Take the lines below from the one with "But you can" through the one with "It shows two" and retype them exactly. Include nothing else, and no pictures.

**DATA FOR THE TASK**
◇ ◇ ◇ ◇ ◇

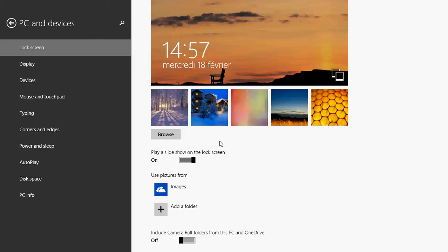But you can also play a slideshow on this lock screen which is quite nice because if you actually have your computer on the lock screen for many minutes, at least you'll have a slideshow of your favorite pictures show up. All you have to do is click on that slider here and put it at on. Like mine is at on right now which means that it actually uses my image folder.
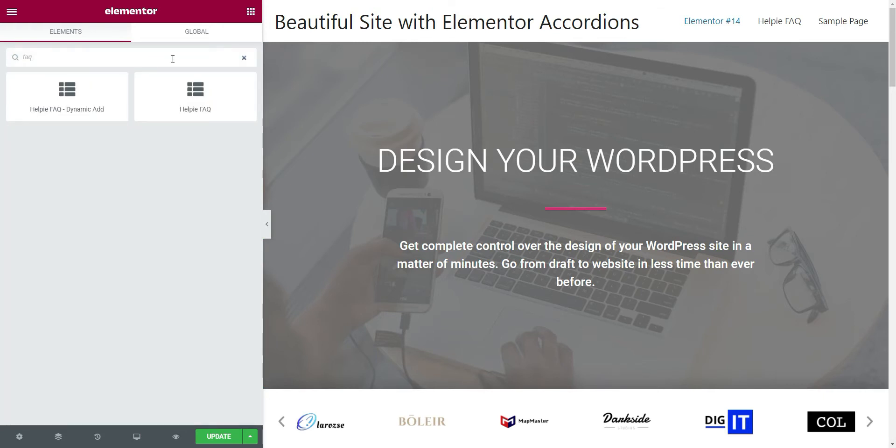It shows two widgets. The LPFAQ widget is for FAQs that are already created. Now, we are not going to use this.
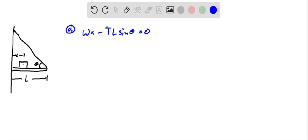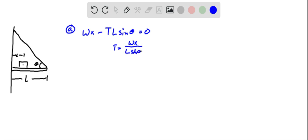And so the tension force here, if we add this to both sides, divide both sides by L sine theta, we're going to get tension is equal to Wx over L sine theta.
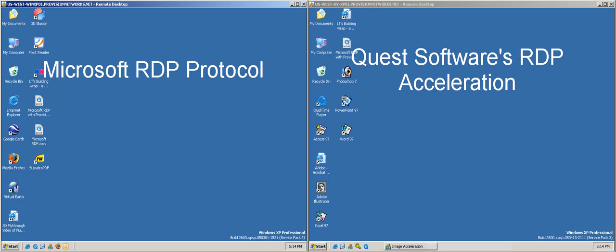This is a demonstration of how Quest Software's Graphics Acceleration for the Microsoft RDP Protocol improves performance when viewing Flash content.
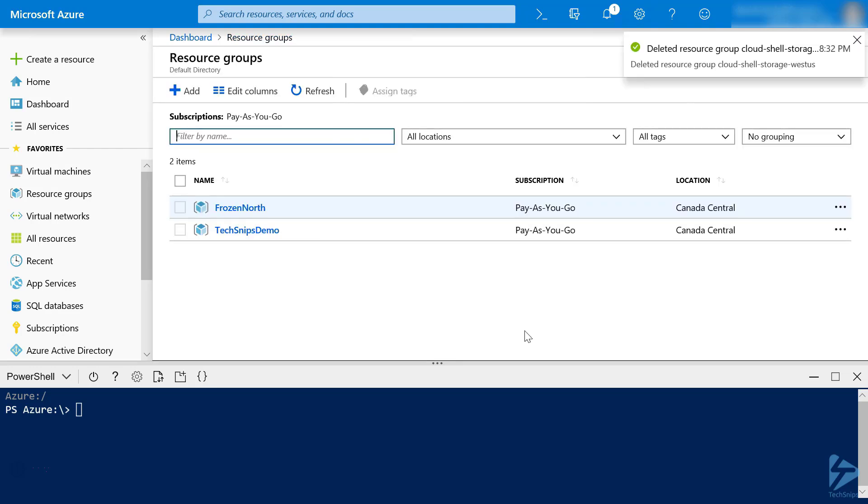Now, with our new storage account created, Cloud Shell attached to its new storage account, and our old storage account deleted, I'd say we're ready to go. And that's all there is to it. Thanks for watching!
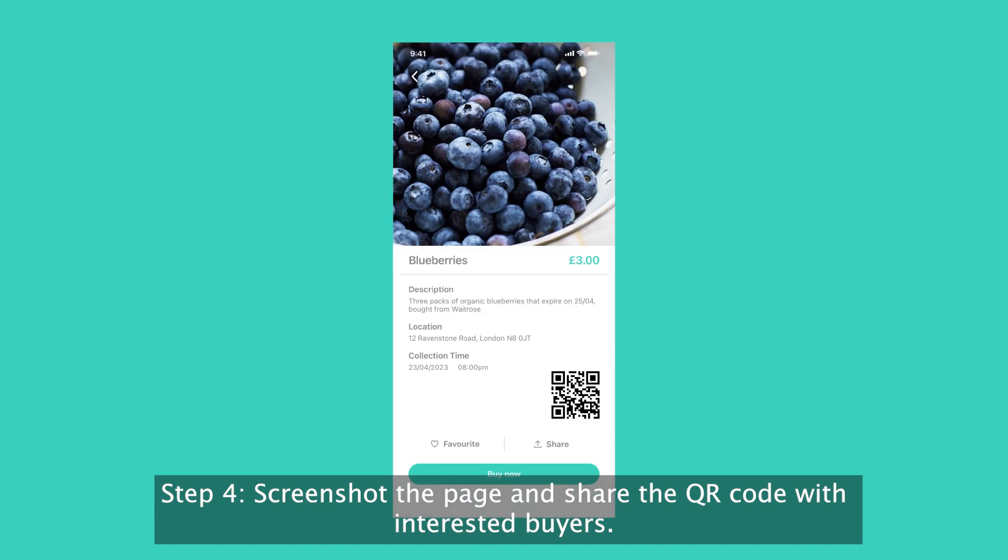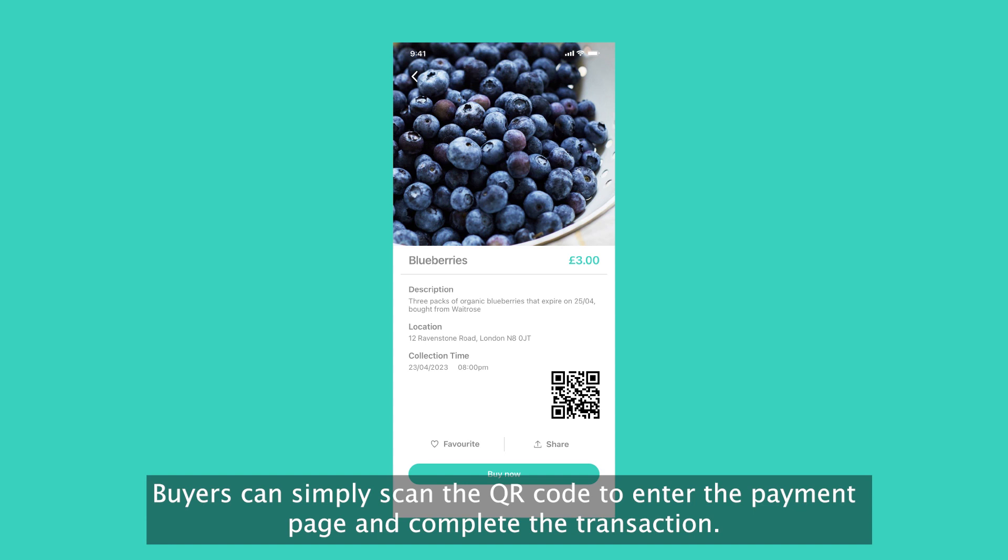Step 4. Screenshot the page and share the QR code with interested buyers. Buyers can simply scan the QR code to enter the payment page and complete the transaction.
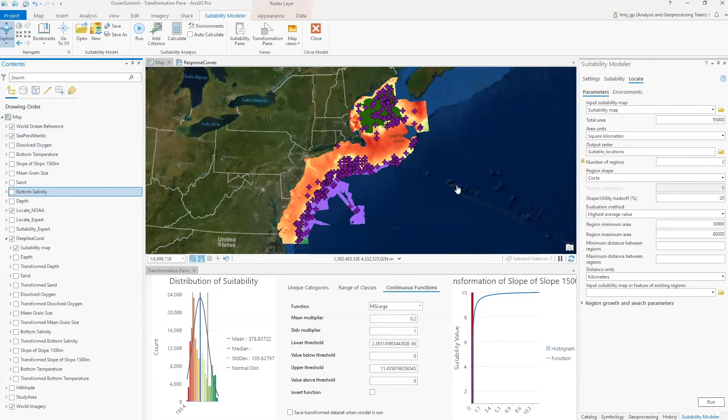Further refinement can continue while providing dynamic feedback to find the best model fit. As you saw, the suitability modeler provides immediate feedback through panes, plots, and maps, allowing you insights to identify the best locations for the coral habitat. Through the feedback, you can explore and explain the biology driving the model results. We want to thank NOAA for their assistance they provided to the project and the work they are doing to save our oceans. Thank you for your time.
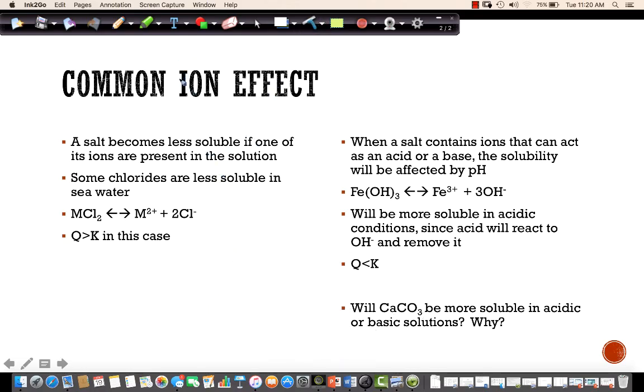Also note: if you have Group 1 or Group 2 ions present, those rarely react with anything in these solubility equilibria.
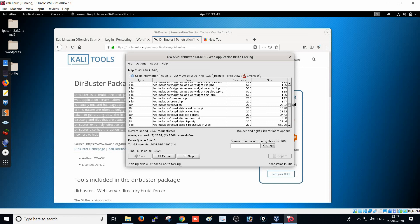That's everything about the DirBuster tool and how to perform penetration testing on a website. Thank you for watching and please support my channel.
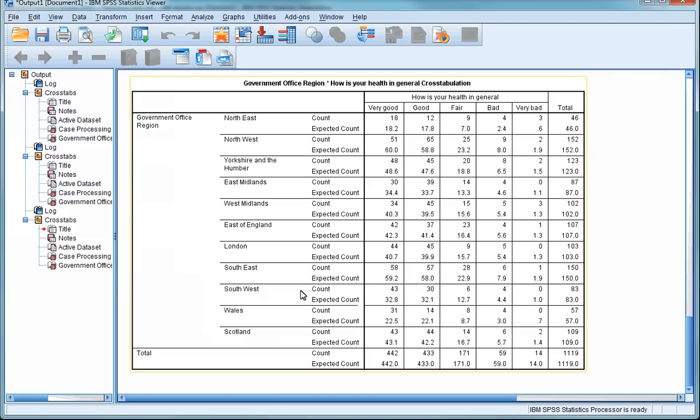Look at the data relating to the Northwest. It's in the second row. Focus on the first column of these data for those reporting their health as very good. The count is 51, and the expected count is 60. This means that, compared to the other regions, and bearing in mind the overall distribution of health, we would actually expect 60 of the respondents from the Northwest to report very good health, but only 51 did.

◇ ◇ ◇ ◇ ◇

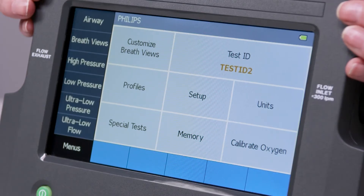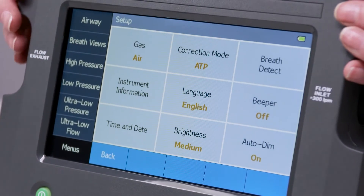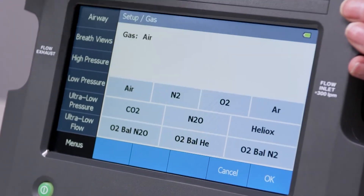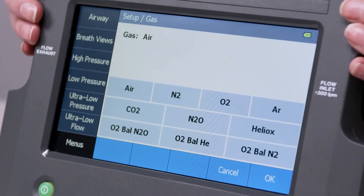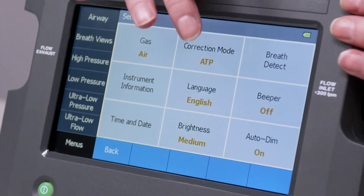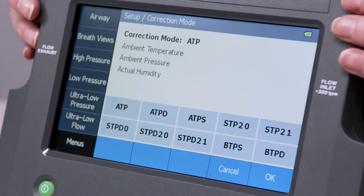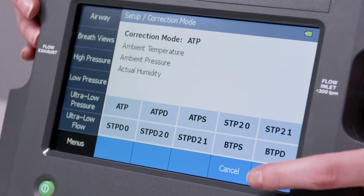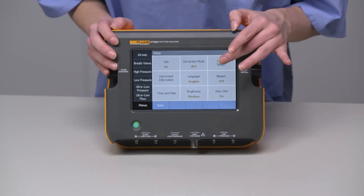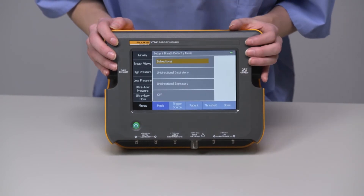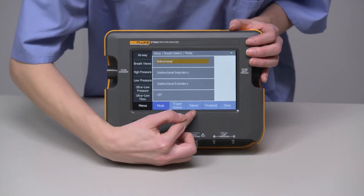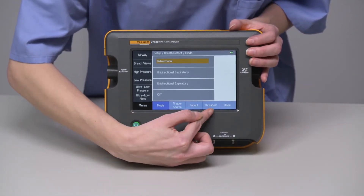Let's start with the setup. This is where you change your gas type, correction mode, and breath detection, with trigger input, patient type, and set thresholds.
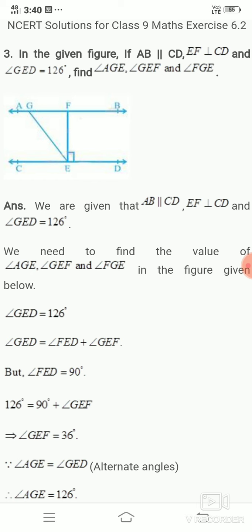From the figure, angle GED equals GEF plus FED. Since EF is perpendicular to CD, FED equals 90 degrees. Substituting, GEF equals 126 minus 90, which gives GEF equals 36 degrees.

◇ ◇ ◇ ◇ ◇

**YOUR RESPONSE**
But you can also play a slideshow on this lock screen which is quite nice because if you actually have your computer on the lock screen for many minutes, at least you'll have a slideshow of your favorite pictures show up. All you have to do is click on that slider here and put it at on. Like mine is at on right now which means that it actually uses my image folder.
It shows two widgets. The LPFAQ widget is for FAQs that are already created. Now, we are not going to use this.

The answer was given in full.